TO DO ->
In the entries below, find the line with "The original Raspberry", then set it down exactly along with each line after it to the end, skipping any pictures.

Top of EXTRACTED INFORMATION

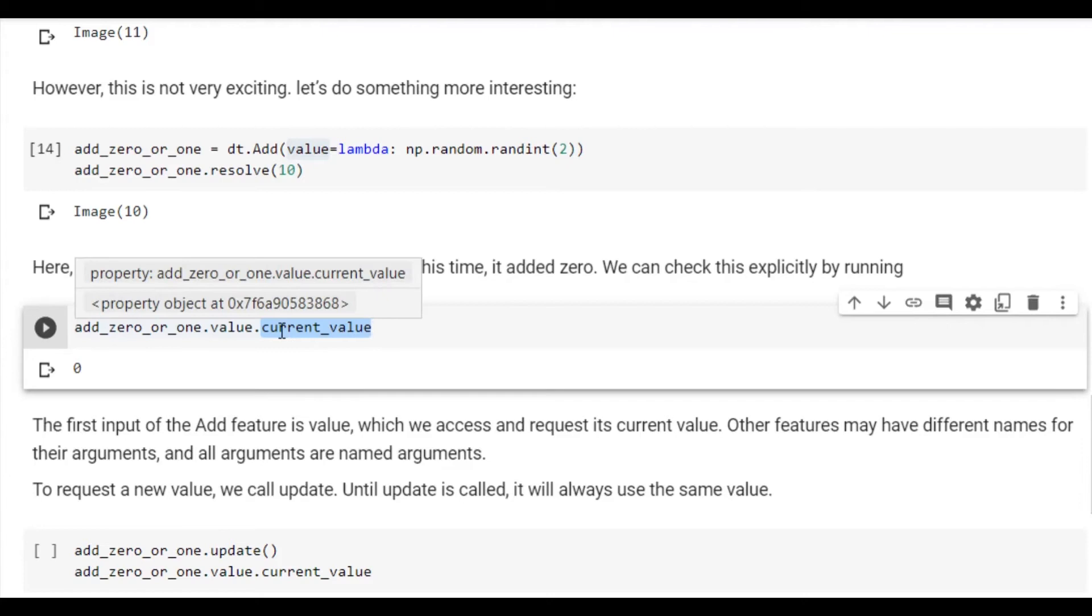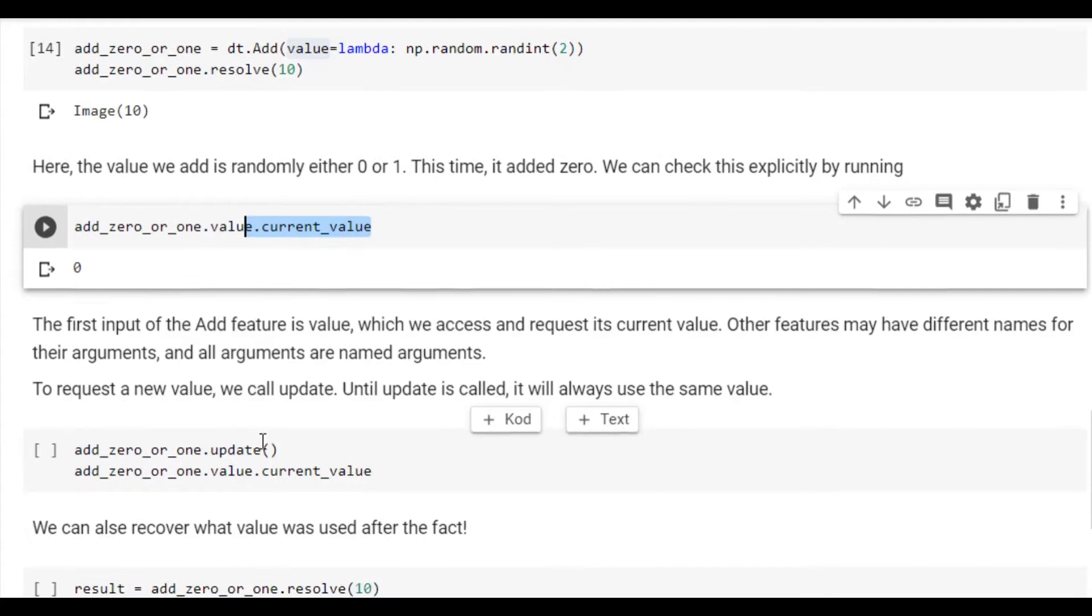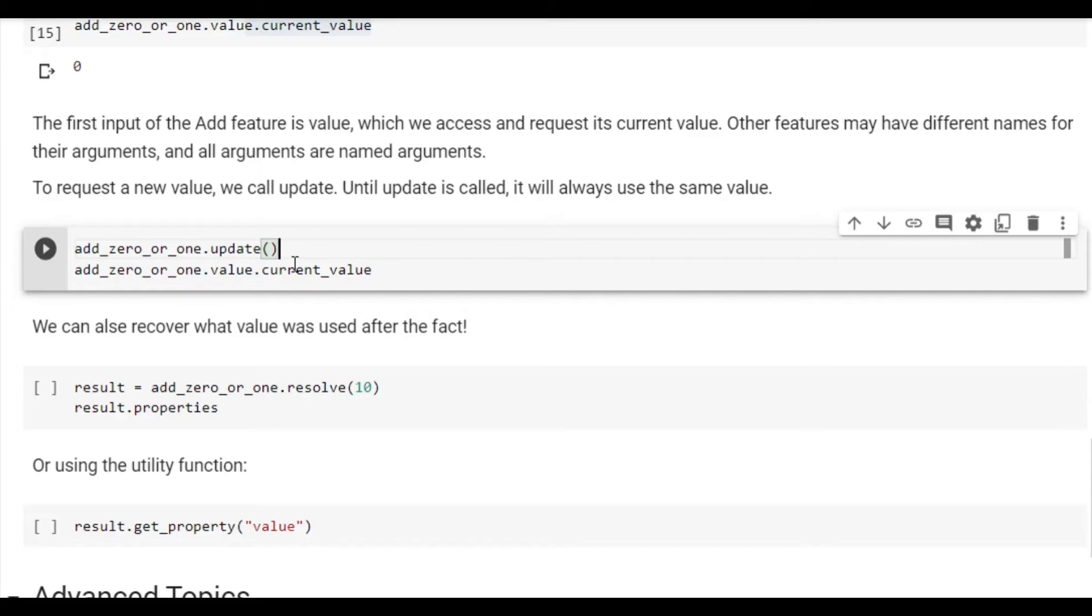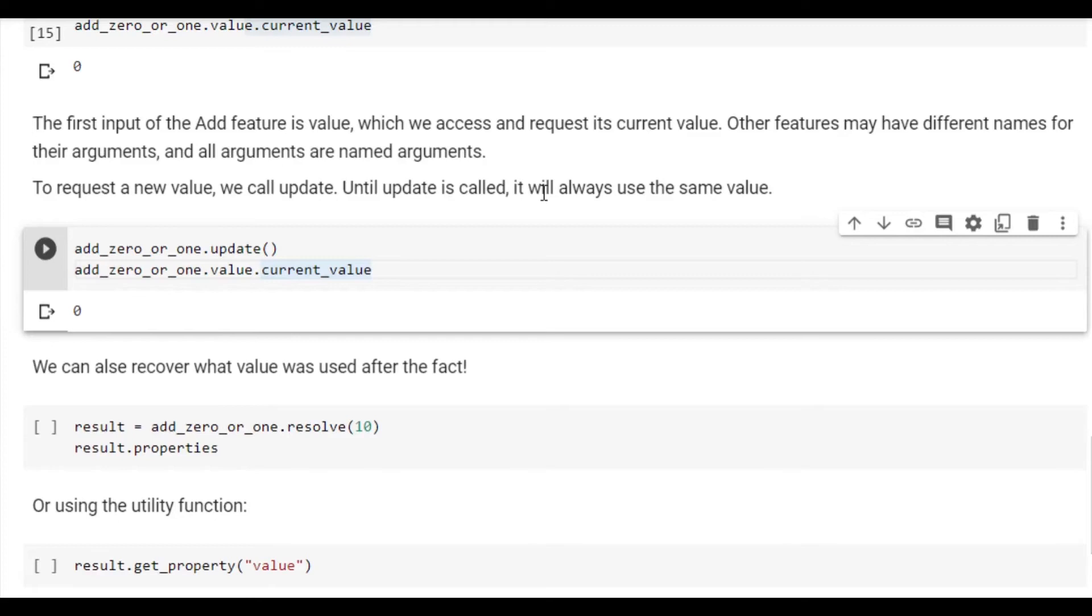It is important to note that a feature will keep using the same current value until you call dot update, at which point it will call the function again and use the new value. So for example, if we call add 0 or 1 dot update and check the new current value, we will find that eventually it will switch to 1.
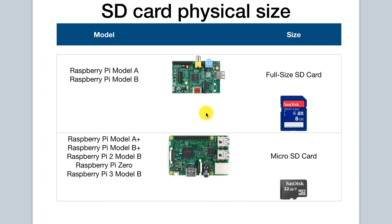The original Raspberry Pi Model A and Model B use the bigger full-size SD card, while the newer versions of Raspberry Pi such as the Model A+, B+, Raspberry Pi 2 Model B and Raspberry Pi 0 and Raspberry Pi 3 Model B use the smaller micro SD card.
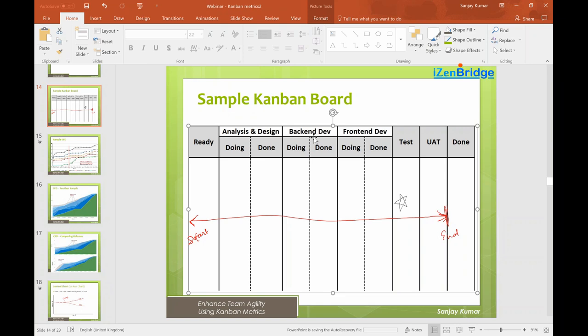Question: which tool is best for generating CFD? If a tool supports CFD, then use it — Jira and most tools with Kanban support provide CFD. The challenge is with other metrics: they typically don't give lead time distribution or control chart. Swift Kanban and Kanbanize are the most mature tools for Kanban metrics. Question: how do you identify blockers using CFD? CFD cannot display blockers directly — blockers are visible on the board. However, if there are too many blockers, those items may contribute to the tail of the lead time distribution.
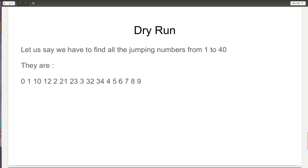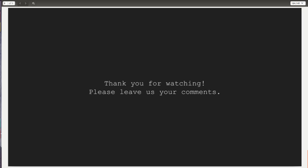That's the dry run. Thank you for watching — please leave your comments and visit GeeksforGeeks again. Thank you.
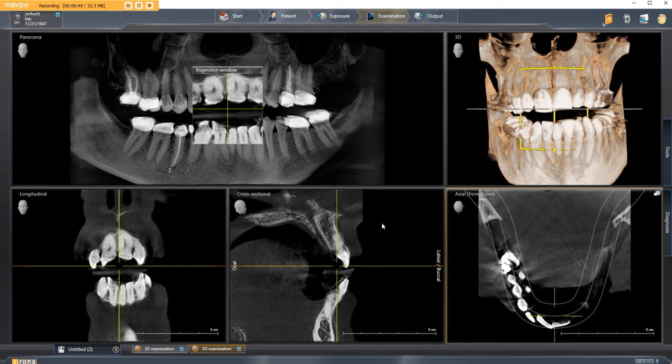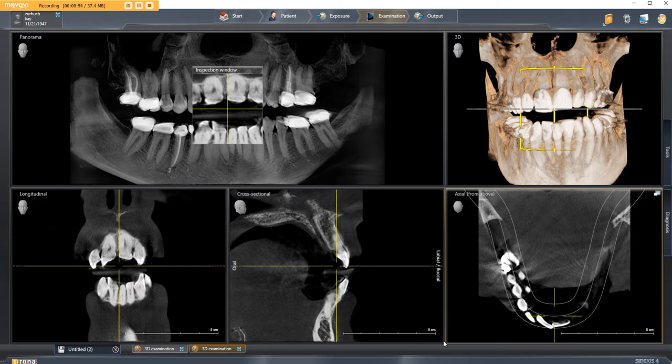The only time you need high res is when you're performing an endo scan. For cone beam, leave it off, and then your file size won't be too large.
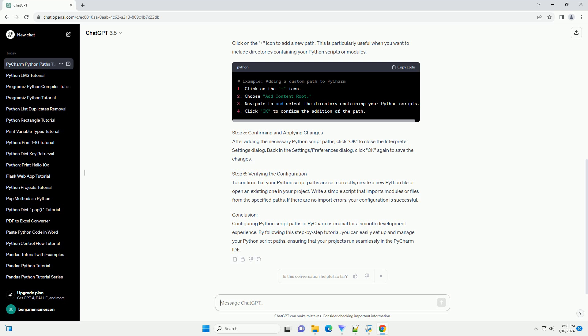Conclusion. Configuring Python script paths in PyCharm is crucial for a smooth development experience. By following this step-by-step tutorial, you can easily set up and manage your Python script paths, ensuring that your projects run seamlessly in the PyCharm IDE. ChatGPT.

Bottom of EXTRACTED INFORMATION

ANSWER SECTION ->
The original Raspberry Pi Model A and Model B use the bigger full-size SD card, while the newer versions of Raspberry Pi such as the Model A+, B+, Raspberry Pi 2 Model B and Raspberry Pi 0 and Raspberry Pi 3 Model B use the smaller micro SD card.
Question: which tool is best for generating CFD? If a tool supports CFD, then use it — Jira and most tools with Kanban support provide CFD. The challenge is with other metrics: they typically don't give lead time distribution or control chart. Swift Kanban and Kanbanize are the most mature tools for Kanban metrics. Question: how do you identify blockers using CFD? CFD cannot display blockers directly — blockers are visible on the board. However, if there are too many blockers, those items may contribute to the tail of the lead time distribution.
That's the dry run. Thank you for watching — please leave your comments and visit GeeksforGeeks again. Thank you.
The only time you need high res is when you're performing an endo scan. For cone beam, leave it off, and then your file size won't be too large.
Conclusion. Configuring Python script paths in PyCharm is crucial for a smooth development experience. By following this step-by-step tutorial, you can easily set up and manage your Python script paths, ensuring that your projects run seamlessly in the PyCharm IDE. ChatGPT.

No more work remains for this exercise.